Power for All’s Energy Access Target Tracker shows that less than 30 percent of Sub-Saharan African countries have stated rural electrification targets.

But even for utilities that are actively trying to connect rural customers, last mile distribution and rural grid extension are notoriously difficult and expensive, notwithstanding existing system reliability issues and line loss rates.

Simply put, they either don’t face or cannot meet a universal service mandate through business-as-usual operations, leaving more than 600 million potential customers across the continent on the table and in the dark, including 110 million living directly beneath existing grid infrastructure.

Fiscal woes

Part of the problem is that all but two of Sub-Saharan Africa’s public electric utilities run quasi-fiscal deficits between their capital/operating expenses and cash collected.
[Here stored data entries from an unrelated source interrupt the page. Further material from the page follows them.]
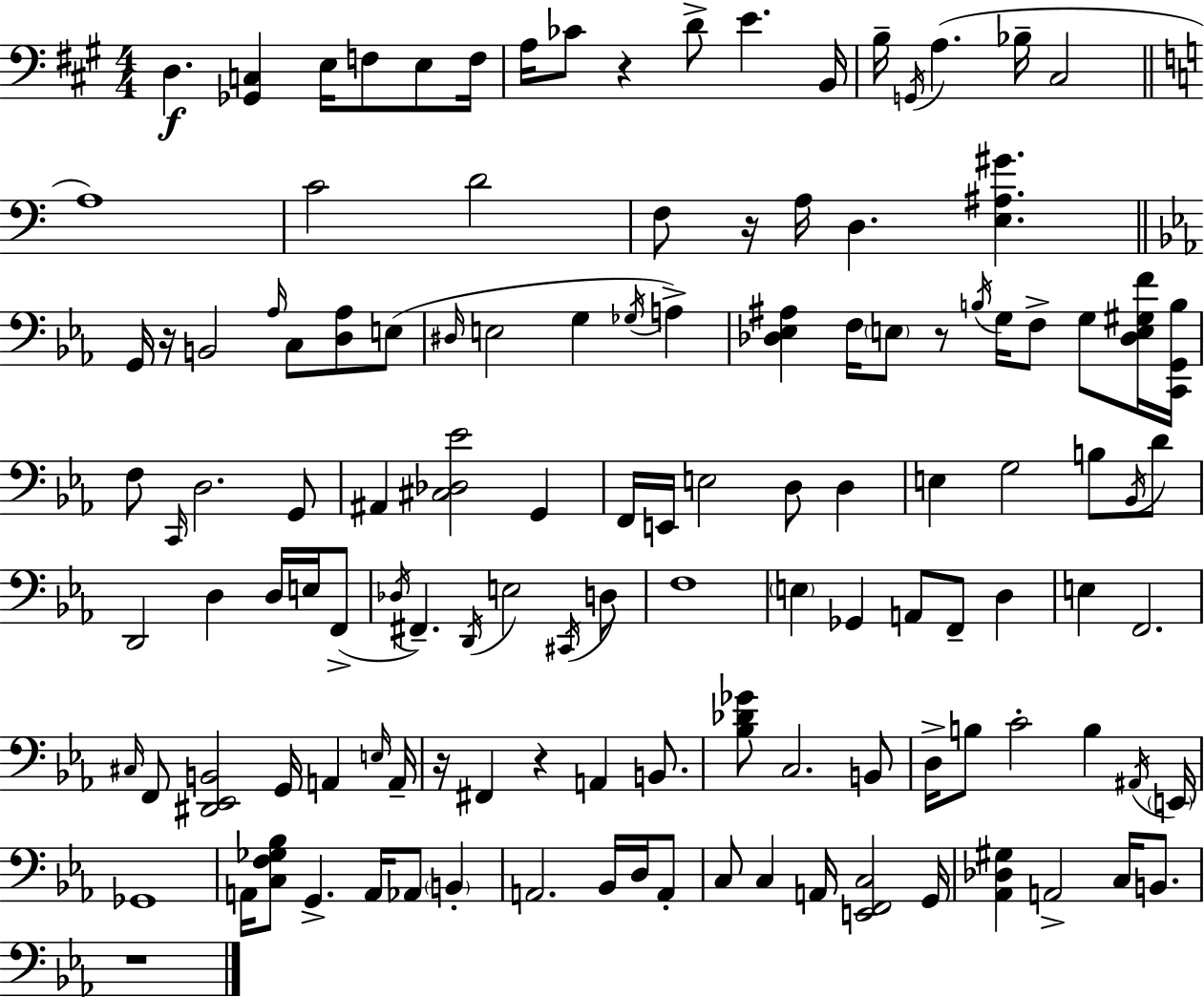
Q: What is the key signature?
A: A major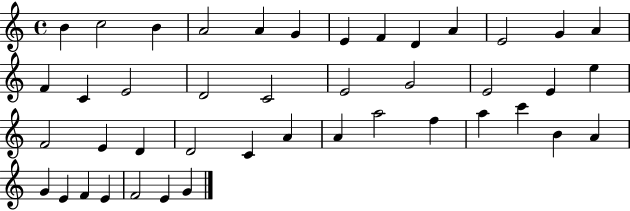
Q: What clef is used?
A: treble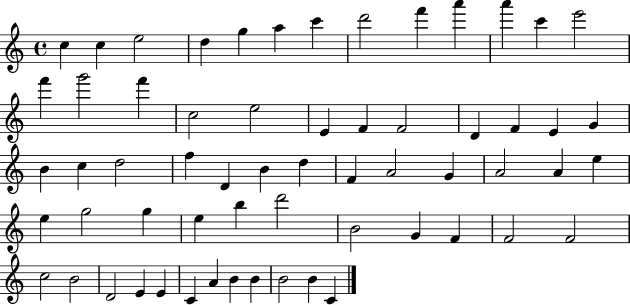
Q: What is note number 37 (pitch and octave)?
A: A4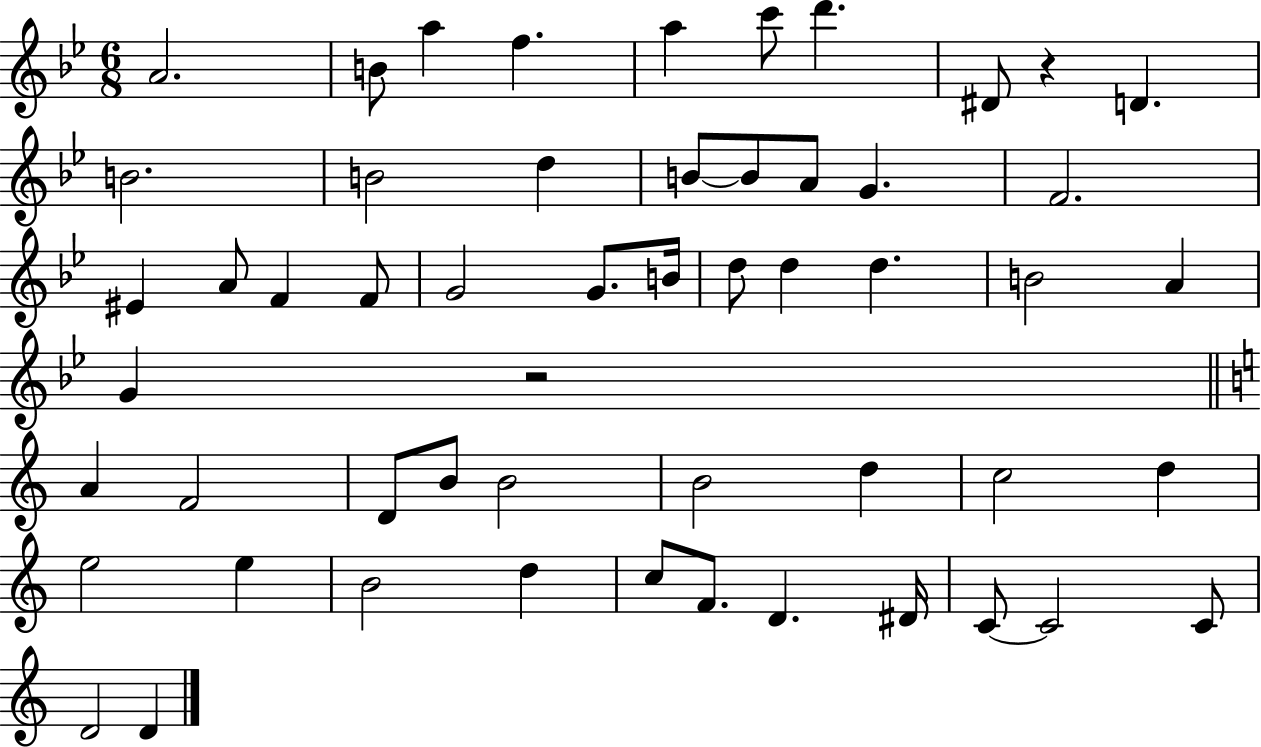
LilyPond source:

{
  \clef treble
  \numericTimeSignature
  \time 6/8
  \key bes \major
  a'2. | b'8 a''4 f''4. | a''4 c'''8 d'''4. | dis'8 r4 d'4. | \break b'2. | b'2 d''4 | b'8~~ b'8 a'8 g'4. | f'2. | \break eis'4 a'8 f'4 f'8 | g'2 g'8. b'16 | d''8 d''4 d''4. | b'2 a'4 | \break g'4 r2 | \bar "||" \break \key c \major a'4 f'2 | d'8 b'8 b'2 | b'2 d''4 | c''2 d''4 | \break e''2 e''4 | b'2 d''4 | c''8 f'8. d'4. dis'16 | c'8~~ c'2 c'8 | \break d'2 d'4 | \bar "|."
}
These deficits can be due to non-cost reflective tariff structures, significant system underperformance and line losses, power theft, customer payment delinquency, corruption, or general mismanagement. Across the continent, utility deficits average USD $0.12 per kilowatt-hour and can range as high as $0.49 per kilowatt-hour.

Figure 1: Grid extension projects in Sub-Saharan Africa can cost up to $5.5M per MW/km

Source: GTM Research and Power For All

Grid infrastructure upgrades are big projects, particularly for cash-strapped utilities. A GTM Research-Power for All snapshot of ongoing grid extension projects in Sub-Saharan Africa shows that unit costs for these projects average well over $1 million/MW-km (the cost of transmitting 1 megawatt of power a distance of 1 kilometer), and take an average of five years to complete.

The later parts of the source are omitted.